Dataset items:
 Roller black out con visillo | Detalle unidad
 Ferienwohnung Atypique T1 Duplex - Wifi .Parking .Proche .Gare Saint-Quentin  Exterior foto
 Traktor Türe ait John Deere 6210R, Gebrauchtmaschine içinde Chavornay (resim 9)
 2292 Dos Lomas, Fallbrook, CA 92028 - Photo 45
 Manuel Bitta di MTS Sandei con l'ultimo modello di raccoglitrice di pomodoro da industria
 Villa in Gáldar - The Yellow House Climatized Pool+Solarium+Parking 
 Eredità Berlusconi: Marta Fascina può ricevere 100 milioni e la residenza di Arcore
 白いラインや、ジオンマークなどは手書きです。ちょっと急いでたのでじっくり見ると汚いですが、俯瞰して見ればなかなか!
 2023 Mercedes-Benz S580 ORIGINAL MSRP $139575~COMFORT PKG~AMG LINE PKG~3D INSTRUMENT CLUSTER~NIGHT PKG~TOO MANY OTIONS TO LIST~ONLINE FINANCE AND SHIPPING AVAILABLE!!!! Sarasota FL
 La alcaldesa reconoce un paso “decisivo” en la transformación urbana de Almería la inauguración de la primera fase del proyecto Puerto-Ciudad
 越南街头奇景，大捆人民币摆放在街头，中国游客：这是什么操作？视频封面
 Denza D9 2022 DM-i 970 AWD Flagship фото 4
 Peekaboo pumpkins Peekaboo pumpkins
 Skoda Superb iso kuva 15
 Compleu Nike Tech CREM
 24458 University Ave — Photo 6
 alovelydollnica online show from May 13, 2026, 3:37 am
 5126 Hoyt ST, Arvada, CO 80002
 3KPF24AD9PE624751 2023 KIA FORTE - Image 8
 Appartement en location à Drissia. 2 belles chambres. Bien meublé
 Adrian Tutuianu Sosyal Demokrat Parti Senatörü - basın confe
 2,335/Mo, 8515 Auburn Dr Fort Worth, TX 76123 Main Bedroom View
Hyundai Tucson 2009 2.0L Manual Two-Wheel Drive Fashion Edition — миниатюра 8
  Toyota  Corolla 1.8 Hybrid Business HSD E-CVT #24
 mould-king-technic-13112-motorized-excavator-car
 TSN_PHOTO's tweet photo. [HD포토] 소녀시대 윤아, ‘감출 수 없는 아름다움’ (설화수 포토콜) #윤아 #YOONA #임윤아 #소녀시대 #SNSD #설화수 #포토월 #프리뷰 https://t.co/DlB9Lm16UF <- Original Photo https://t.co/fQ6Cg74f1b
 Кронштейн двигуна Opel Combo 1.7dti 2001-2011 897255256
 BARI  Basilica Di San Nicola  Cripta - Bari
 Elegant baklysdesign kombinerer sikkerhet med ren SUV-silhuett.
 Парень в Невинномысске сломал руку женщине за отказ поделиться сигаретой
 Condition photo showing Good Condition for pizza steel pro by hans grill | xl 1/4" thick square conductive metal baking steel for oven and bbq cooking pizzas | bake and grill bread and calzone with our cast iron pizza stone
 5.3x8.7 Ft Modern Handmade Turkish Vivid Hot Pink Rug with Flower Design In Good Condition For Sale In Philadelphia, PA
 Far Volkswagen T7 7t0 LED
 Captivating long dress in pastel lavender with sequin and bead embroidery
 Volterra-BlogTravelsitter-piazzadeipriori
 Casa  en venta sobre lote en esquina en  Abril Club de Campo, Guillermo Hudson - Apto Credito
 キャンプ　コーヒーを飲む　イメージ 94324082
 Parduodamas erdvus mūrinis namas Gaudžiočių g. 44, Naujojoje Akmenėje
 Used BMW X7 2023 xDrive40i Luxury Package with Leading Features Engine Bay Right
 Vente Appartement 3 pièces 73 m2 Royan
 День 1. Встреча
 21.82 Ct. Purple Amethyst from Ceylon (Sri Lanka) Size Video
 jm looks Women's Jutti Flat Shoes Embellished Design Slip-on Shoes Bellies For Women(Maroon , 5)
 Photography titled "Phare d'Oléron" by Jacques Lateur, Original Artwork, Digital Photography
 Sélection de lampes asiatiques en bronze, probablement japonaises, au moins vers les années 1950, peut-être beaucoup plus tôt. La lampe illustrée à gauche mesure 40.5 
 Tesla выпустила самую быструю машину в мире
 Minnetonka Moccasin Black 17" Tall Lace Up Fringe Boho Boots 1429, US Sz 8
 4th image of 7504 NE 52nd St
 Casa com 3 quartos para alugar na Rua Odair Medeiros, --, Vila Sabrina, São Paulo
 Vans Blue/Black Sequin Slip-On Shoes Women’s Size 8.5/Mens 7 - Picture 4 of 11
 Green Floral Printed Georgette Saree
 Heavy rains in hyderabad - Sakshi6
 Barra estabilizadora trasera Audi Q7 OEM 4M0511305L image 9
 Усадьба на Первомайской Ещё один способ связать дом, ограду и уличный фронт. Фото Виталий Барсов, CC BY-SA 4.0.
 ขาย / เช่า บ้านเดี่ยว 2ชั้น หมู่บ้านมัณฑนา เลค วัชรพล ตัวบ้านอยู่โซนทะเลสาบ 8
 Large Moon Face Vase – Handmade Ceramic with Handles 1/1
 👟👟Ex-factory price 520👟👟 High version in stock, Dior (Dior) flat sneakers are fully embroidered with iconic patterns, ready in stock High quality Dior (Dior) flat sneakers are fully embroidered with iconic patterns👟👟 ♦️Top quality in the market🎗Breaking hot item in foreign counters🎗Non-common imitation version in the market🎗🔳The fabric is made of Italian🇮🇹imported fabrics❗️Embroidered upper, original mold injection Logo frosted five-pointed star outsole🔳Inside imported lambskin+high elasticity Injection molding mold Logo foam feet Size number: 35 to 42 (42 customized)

INSTRUCTIONS FOR THE TASK
Begin with the line above that has "Vente Appartement 3 pièces 73 m2 Royan" and continue through the line that has "Sélection de lampes", setting each one down exactly. Stop there.

YOUR SOLUTION
 Vente Appartement 3 pièces 73 m2 Royan
 День 1. Встреча
 21.82 Ct. Purple Amethyst from Ceylon (Sri Lanka) Size Video
 jm looks Women's Jutti Flat Shoes Embellished Design Slip-on Shoes Bellies For Women(Maroon , 5)
 Photography titled "Phare d'Oléron" by Jacques Lateur, Original Artwork, Digital Photography
 Sélection de lampes asiatiques en bronze, probablement japonaises, au moins vers les années 1950, peut-être beaucoup plus tôt. La lampe illustrée à gauche mesure 40.5 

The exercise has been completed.